**Work required**
Print exactly the lines below between the line containing "Lote de Terreno" and the line containing "2023 Toyota Wildlander", counting both of those lines. Leave pictures out.

====== Working data ======

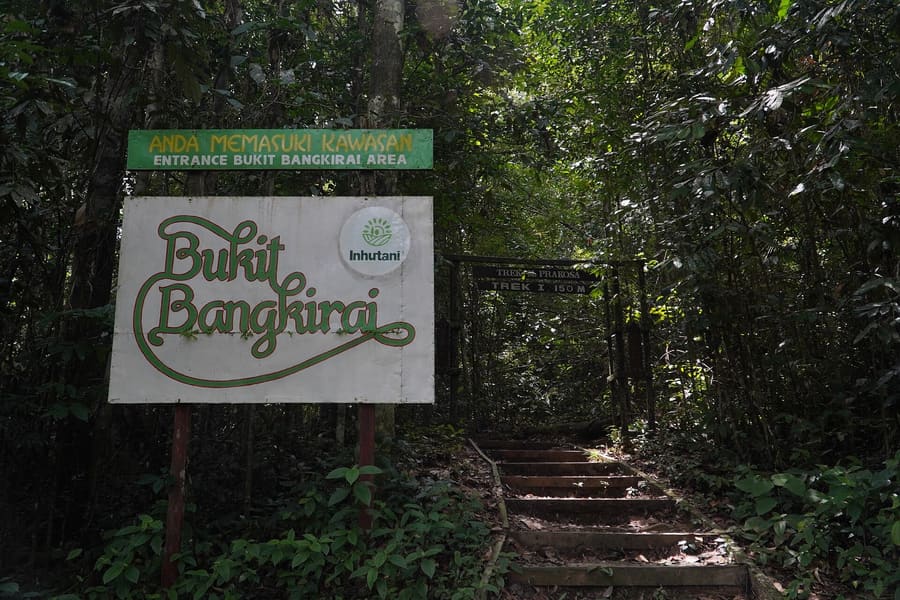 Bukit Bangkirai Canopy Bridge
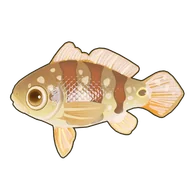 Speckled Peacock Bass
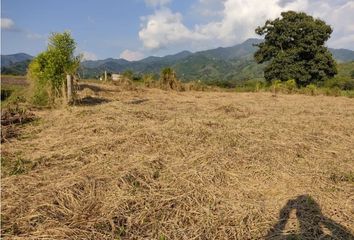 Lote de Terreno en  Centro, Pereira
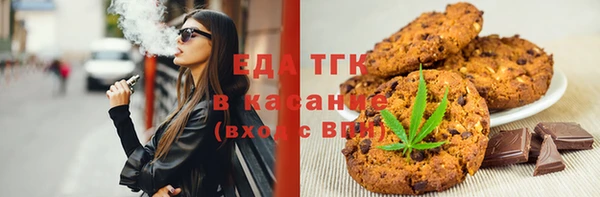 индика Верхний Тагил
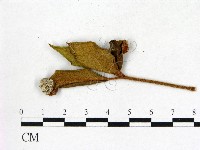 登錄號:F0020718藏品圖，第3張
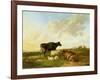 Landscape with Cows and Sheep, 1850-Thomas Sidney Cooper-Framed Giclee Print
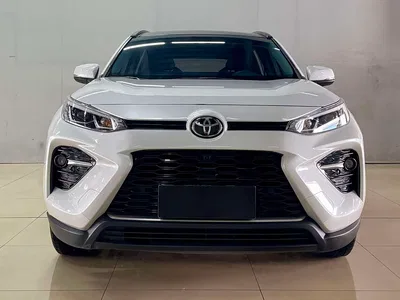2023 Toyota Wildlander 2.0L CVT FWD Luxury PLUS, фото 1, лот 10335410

======
====== Working data ======

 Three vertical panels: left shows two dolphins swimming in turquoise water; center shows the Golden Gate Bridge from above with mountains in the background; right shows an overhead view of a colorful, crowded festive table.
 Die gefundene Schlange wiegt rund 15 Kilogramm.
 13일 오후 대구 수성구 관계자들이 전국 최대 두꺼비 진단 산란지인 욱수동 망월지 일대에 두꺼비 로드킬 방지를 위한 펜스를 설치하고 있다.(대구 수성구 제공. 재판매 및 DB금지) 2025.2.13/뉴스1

======

**Solved exercise**
 Lote de Terreno en  Centro, Pereira
 индика Верхний Тагил
 登錄號:F0020718藏品圖，第3張
 Landscape with Cows and Sheep, 1850-Thomas Sidney Cooper-Framed Giclee Print
2023 Toyota Wildlander 2.0L CVT FWD Luxury PLUS, фото 1, лот 10335410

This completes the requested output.